What this task involves:
Look through the listing below for the line containing "Photo of the whole room, wardrobe". Copy it and each line after it up to and including the line containing "Billede af MG", exactly, leaving out pictures.

Input data:
•••
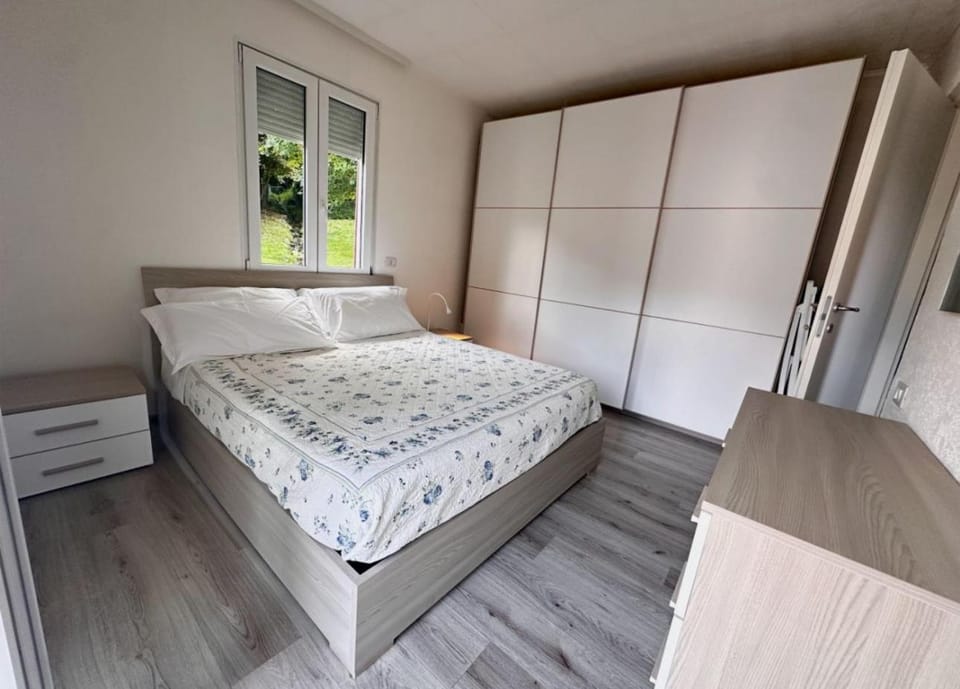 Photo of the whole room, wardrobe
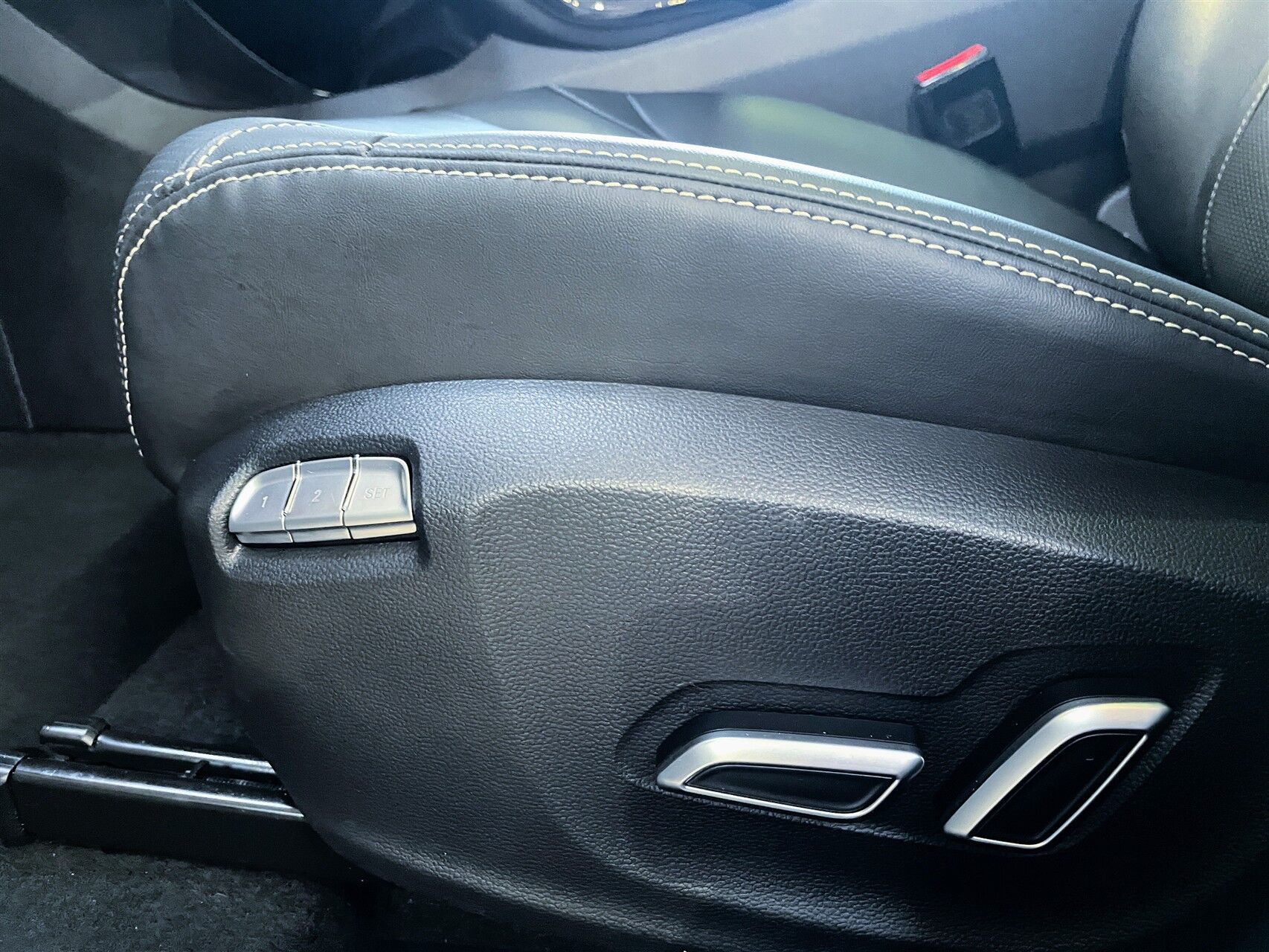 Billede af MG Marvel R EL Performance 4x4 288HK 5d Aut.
•••
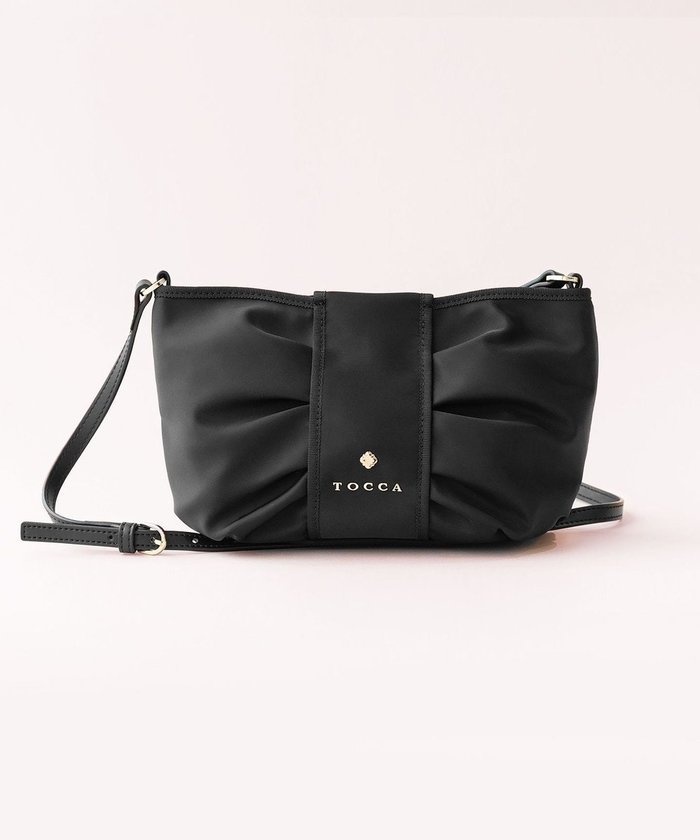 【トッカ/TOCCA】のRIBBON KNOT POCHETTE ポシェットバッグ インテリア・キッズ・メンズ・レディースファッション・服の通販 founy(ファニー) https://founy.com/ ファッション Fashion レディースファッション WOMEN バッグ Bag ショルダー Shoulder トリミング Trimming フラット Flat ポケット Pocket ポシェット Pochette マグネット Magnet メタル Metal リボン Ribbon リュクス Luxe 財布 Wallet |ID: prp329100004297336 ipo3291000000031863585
•••
Output below:
 Photo of the whole room, wardrobe
 Billede af MG Marvel R EL Performance 4x4 288HK 5d Aut.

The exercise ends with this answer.